As for the state courts’ failure to conduct a hearing on whether Petitioner was
criminally responsible for the crimes, there was no examination for criminal
responsibility because Petitioner declined to participate in the examination and he
informed the psychologist that he did not want to discuss the alleged offenses. See
psychologist Dianne K. Sherman’s letter to the state district court on April 29, 2008, Pet.

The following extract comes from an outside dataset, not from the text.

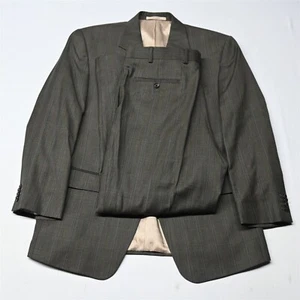 Vtg Joseph Abboud 42S 36x29 Brown Check 100% Wool Mens Jacket Pants Suit - Picture 1 of 12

for Writ of Habeas Corpus, ECF No. 66, Pg ID 43. Furthermore, the lack of an
examination or hearing on criminal responsibility did not affect the voluntariness of
Petitioner’s plea.
To summarize, Petitioner claimed to understand the charges against him, the
rights he was waiving, the consequences of his plea, and the maximum sentence. He
also denied being coerced into pleading no contest. The Court therefore concludes that
Petitioner’s plea was voluntary, knowing, and intelligent. Habeas relief is not warranted
on claims 2-4, 8-12, and 24.
C. The State District Court and State Trial Court
Petitioner raises several claims about the state district court and state trial court.
17
1. The Alleged Violations of State Law and Lack of Jurisdiction
Petitioner alleges that the state trial court lacked authority to take his plea
because the state district court violated the Michigan Rules of Court (claim 5) and
because there was not a proper bind-over from the district court to the trial court (claims
30 and 32). Additionally, Petitioner claims that jurisdictional defects may be raised at
any time (claim 28).
These claims lack merit because they are based on alleged violations of state
law. “A federal court may not issue the writ [of habeas corpus] on the basis of a
perceived error of state law.” Pulley v. Harris, 465 U.S. 37, 41 (1984). Instead, “a
federal [habeas] court is limited to deciding whether a conviction violated the
Constitution, laws, or treaties of the United States.” Estelle v. McGuire, 502 U.S. 62, 68
(1991). Thus, the state district court’s alleged violations of the Michigan Court Rules
and its allegedly improper transfer of jurisdiction to the state trial court are not grounds
for habeas relief. Furthermore, whether the state trial court was “vested with jurisdiction
under state law is a function of the state courts, not the federal judiciary.” Wills v.
Egeler, 532 F.2d 1058, 1059 (6th Cir. 1976).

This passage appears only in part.